Last winter I discovered that the public lands (National Forests, Park, Monuments, etc) along the border are used as major highways by immigrants and drug runners. I learned the hard way, when I was looking for a camping spot in a remote area of the Chiricahua Mountains in SE Arizona. Later, while researching the problem online, I learned that our public lands (which make up 40% of the border) are literally overrun. No one denies that “U.S. border policy for decades has pushed people seeking to cross the border onto more remote, dangerous areas, which includes areas of desert that are managed by the National Park Service and other agencies (ABC News).”

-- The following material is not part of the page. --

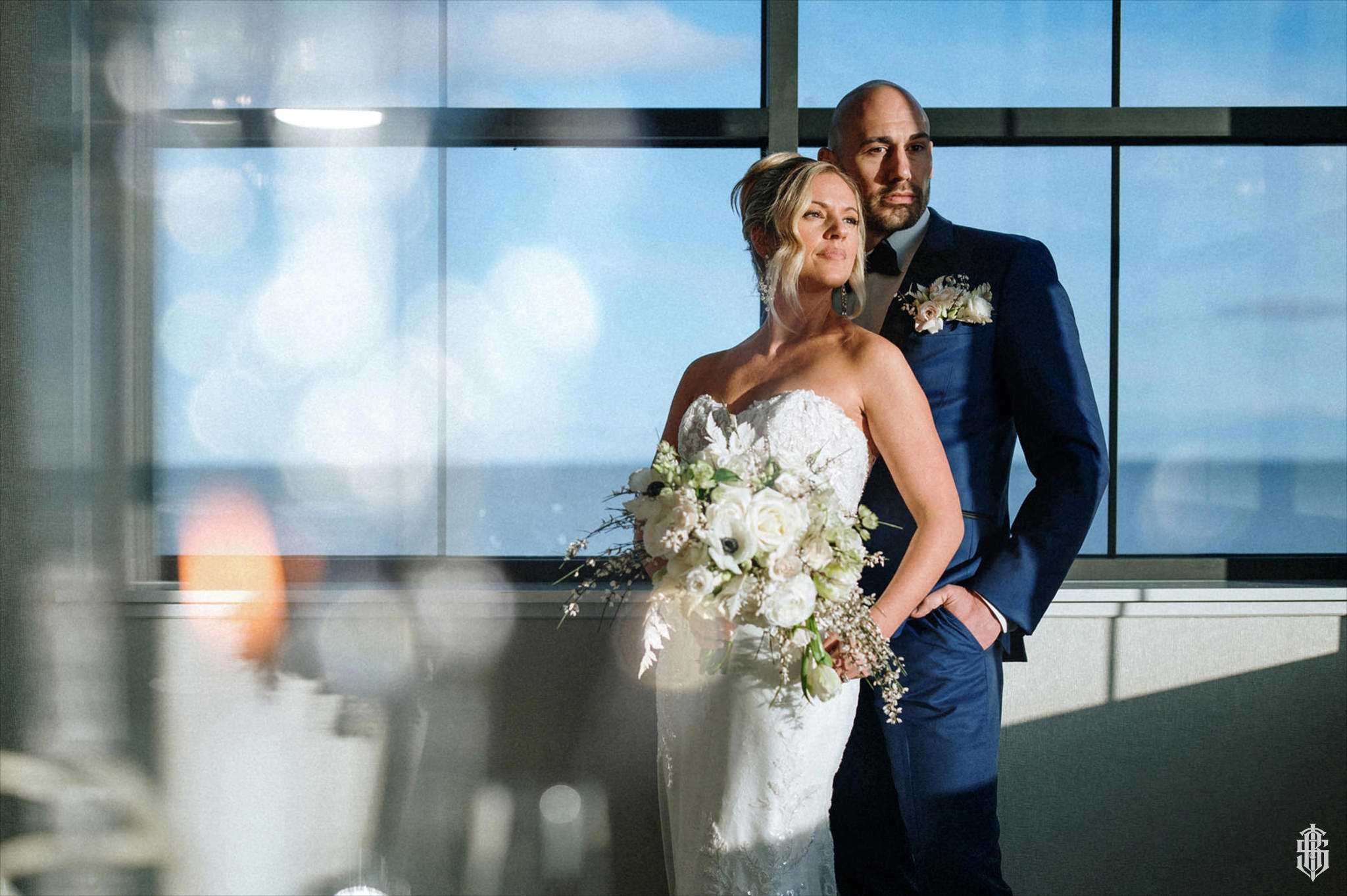 Bridal details arranged on windowsill in the getting-ready suite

Now, I am not a supporter of sending U.S. Military to help Border Patrol, but I do support getting illegals off our public lands. So, I was happy when I read an ABC News article this morning that tells about new success in this area. It may be the only Trump policy that I agree with but that doesn’t matter. What matters is that people are apprehended. From the ABC article:
Immigration arrests at U.S. national parks and other federal lands spiked dramatically this year under President Donald Trump, with some 4,010 immigration-related arrests alone since May compared to only 126 arrests in 2016, according to the Interior Department.
The figures represent a dramatic escalation in the immigration enforcement role played by the Interior Department, a federal agency better known for protecting the nation’s historic monuments and wildlife refuges.
“The fact that we were able to increase arrests by almost 4,000 percent is undeniable proof that there’s a big problem,” said Interior Secretary Ryan Zinke in a statement touting the new arrest figures. “Under the previous administration, Interior’s borderlands were basically an open door for illegal activity; and, what few law enforcement officers were down there were left unprotected and without the resources and backup needed to keep communities and themselves safe.
More than 40 percent of the land along the U.S.-Mexico border is federal land controlled by the Interior Department and U.S. Forest Service. In order to protect that land, the Interior Department employs more than 4,000 law enforcement agents – the third largest presence in the federal government.
That number includes National Park rangers and U.S. Park Police, but also federal agents from the Bureau of Land Management, Fish and Wildlife Service, and Bureau of Indian Affairs.”
It is about time we started making our public lands safe for recreation again. Last April I spent time in Organ Pipe National Monument and in Ajo, AZ and the place is just overrun with both drug traffickers and Border Patrol vehicles. One morning driving north from the National Monument, I counted over 10 BP vehicles dashing off somewhere.
Now, we have some progress!
As for the other drama at the border, if the troops are so important in turning back the migrant caravan, why are they at Camp Donna in Texas when the migrants are near Tijuana?